Bei La Filature wird auf Qualität geachtet: Es gibt Naturweine, d. h. Weine in Bioqualität, die möglichst ohne Zusatzstoffe hergestellt werden und in der Regel nur die im Wein natürlich vorkommenden Sulfite enthalten, Eis aus einer Manufaktur und fair gehandelten Kaffee, der bei einer lokalen Röstmeisterin gekauft wird. Nicolas betont außerdem, dass die Ausrüstung La Filature gehört, was sie unabhängig macht, dadurch dass keine Verträge sie an Vertriebspartner bindet – eine Unabhängigkeit, die ihn stolz macht und auf die er großen Wert legt. Mittags ein Restaurant und abends ein Pub, bei La Filature wird alles darangesetzt, Lokales zu verarbeiten. Auch wenn dies nicht immer möglich ist, wird stets höchste Qualität angeboten. Als Vegetarier achtet Nicolas mit seinen Partnern und seinem Team darauf, immer mindestens ein vegetarisches Gericht auf die Karte zu setzen. Das Mittagsmenü besteht aus drei Vorspeisen, drei Hauptgerichten und drei Desserts, während abends, wenn Konzerte, Stand-up-Shows oder andere Veranstaltungen stattfinden, Snacks wie Croque-Monsieur, Pommes oder Hähnchennuggets serviert werden – alles wie immer selbstverständlich hausgemacht.

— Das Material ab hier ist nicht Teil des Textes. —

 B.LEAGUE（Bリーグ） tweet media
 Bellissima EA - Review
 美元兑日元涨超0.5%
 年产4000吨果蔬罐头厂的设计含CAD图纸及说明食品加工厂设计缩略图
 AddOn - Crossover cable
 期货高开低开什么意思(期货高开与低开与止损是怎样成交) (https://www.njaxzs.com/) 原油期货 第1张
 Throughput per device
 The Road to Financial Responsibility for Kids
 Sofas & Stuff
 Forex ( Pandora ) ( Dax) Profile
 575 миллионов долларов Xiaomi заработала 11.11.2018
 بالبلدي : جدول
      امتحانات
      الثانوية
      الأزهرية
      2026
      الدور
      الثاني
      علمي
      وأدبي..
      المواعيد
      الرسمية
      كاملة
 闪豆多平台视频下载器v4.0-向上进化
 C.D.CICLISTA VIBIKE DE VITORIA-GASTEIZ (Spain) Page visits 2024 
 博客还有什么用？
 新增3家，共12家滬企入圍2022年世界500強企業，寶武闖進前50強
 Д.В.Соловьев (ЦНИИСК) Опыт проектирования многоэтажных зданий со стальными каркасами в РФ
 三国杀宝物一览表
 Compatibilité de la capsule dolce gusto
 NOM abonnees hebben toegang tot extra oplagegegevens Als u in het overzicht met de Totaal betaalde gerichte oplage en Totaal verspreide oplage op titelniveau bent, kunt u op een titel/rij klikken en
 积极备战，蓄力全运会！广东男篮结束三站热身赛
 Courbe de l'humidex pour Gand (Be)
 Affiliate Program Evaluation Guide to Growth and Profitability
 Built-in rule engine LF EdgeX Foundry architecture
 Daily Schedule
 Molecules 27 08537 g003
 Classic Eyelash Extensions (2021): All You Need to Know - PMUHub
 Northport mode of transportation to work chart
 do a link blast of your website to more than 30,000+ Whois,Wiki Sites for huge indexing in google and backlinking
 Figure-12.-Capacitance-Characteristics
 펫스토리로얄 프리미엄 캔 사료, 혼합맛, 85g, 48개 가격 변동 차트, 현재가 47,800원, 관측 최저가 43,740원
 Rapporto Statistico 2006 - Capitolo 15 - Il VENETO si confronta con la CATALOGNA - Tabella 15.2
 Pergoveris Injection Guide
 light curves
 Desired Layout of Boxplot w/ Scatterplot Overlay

Die Abende können zwanglos im Freien stattfinden, da es in der Nähe noch keine Nachbarn gibt. Außerdem ist der Ort so gestaltet worden, dass er alle Generationen zusammenzubringt: Draußen gibt es eine Boulebahn, einen Spielplatz und einen Musikpavillon, und im Lokal befindet sich ein Podest, halb als Spielecke für Kinder und halb für Gäste. Vom Saal mit abnehmbaren halbhohen Raumteilern abgegrenzt und ausgestattet mit einem Theatervorhang, hinter dem sich Tische und Stühle leicht verbergen lassen, lässt er sich perfekt in eine Bühne verwandeln. Durch ihre Patina wirkt die Einrichtung des Lokals, als wäre sie schon immer da gewesen. Diese Illusion verdankt man dem Talent und der Erfahrung des Amienser Kunstmalers und Bühnenbildners Bertrand Siffritt, der all sein Können in den Dienst der Mikrobrauerei gestellt hat, um einen Ort zu erschaffen, an dem man sich in einer Atmosphäre des letzten Jahrhunderts wie zu Hause fühlt – ein Ambiente, das perfekt zur Cosserat-Welt passt. Als ehemaliger Trödler hat er es verstanden, Möbel, Objekte und Gemälde zu stöbern, zu restaurieren und so aufeinander abzustimmen, als wären sie alle schon immer da gewesen, im Geist der flämischen Schankstuben, der angelsächsischen Brewpubs und der Pariser Bistros der 1930er-Jahre. Dabei hat er die ihm gegebene künstlerische Freiheit meisterhaft umzusetzen gewusst, indem er die Identität der Filature gewahrt hat.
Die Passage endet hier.